I am fortunate to have already achieved one. Our patrons, the Von Grundherrs, had a 25-room Bavarian chateau on the lake that they wanted decorated. Along with an interior decorator, we decorated each room with my paintings and favourite furnishings of the Von Grundherrs. When completed, they hosted a 3-day Open House in which they invited local villagers, friends and other nobility.
A future dream project would be my own sun filled seaside studio in Greece or Italy with no worries about local language, selling, or accounting. I would swim early every morning and paint large canvasses by day.
9. What is your favourite or most inspirational place in the world?
I love living in big cities like Moscow or Berlin but always dream of small seaside villages.
10. What is the main mistake made by artists?
Every artist has to make mistakes to learn and to be independent. Mistakes allow you to create our own style. Go deeper, don’t listen to what others recommend, go with your inner voice. Everyone can give advice but only artists can express poetic view of life, be generous, you have a gift of sensibility to life to give others, art enriches.
11. You grew up in a Communist regime, how did that effect our work, if at all.
Many artists did work that was pro-communist, this was popular at the time, but I avoided it. You could say living under communism led me to be non-political. My work portrays women and everyday activities. I don’t paint celebrities, skylines or landmarks. It doesn’t matter in which city or country I live.
11. Having been a professor and artist yourself, what do you look for in the art of others, for instance what do you see when you look at Raphael’s Sistine Madonna at the Swinger Gallery in Dresden?

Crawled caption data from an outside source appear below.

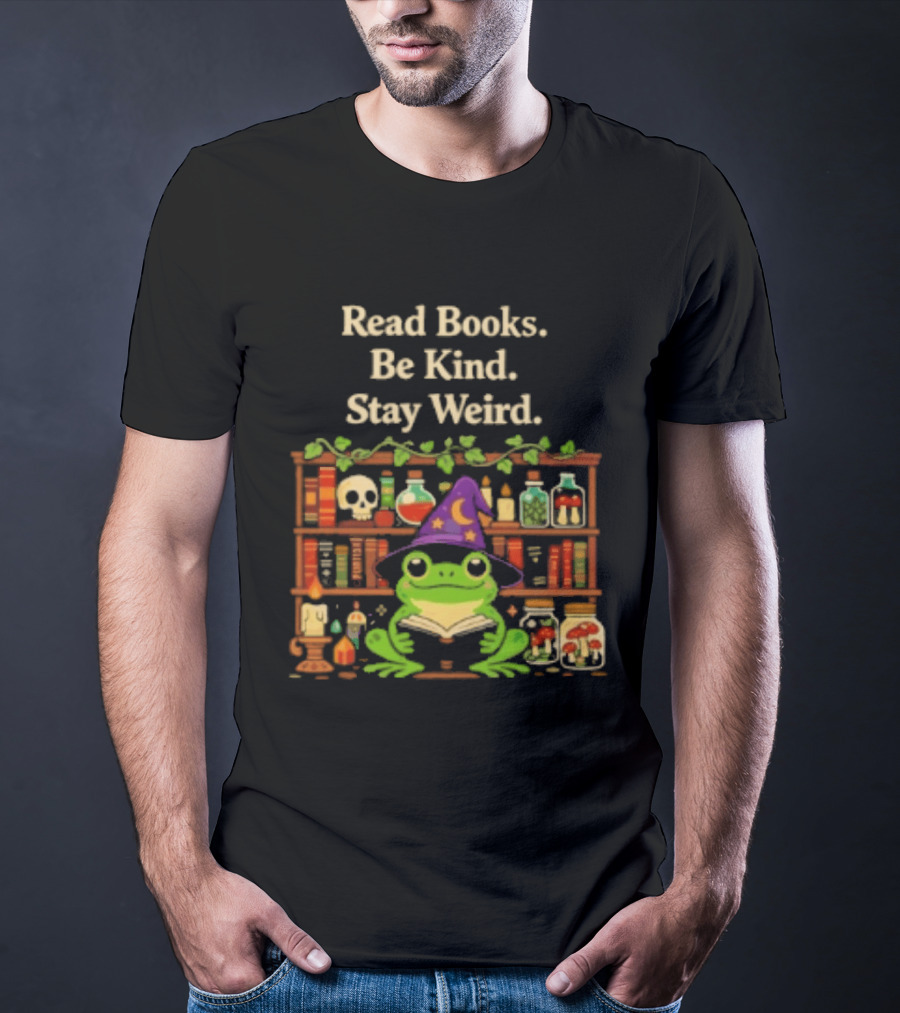 Read Books Be Kind Stay Weird Wizard Frog With Potions T-Shirt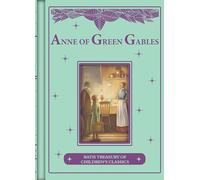 Anne of Green Gables (Illustrated Children's Classics) (Bath Classics)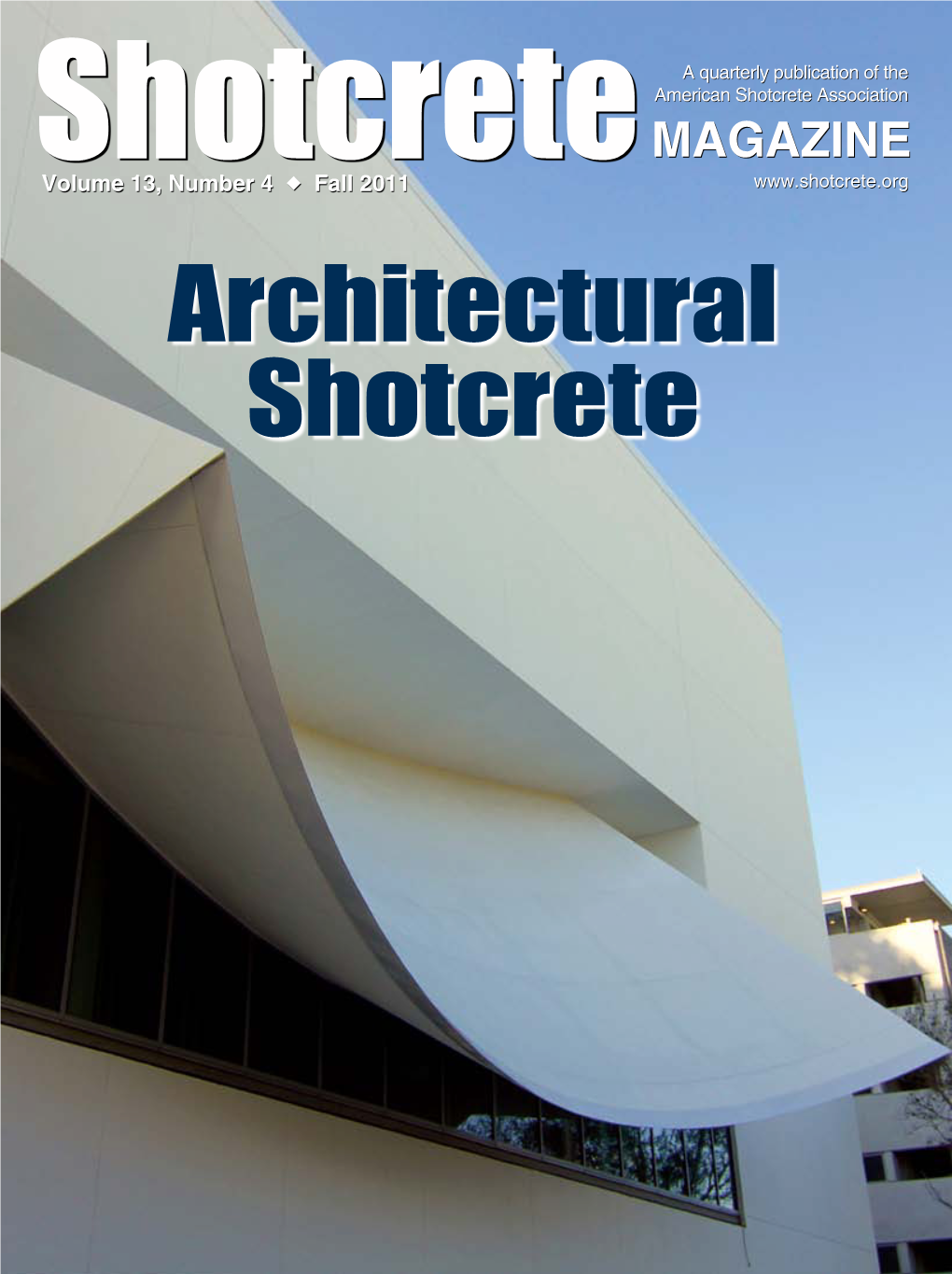 Architectural Shotcrete Circle #29 on Reader Response Form—Page 68 Shotcrete Is a Quarterly Publication of the American Shotcrete Association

I look at brush strokes, how it’s done, the color, how the artist construed space in his paintings, if his technique was clever for the time period. Being a professional is disappointing in that I am no longer able to see the painting as I did as a child. I automatically critique it. There have been only a couple of instances when I was able to feel the sound music of a painting and was instantly brought to tears. It was a hunting scene by Pieter Bruegel the Elder, from the 1500’s.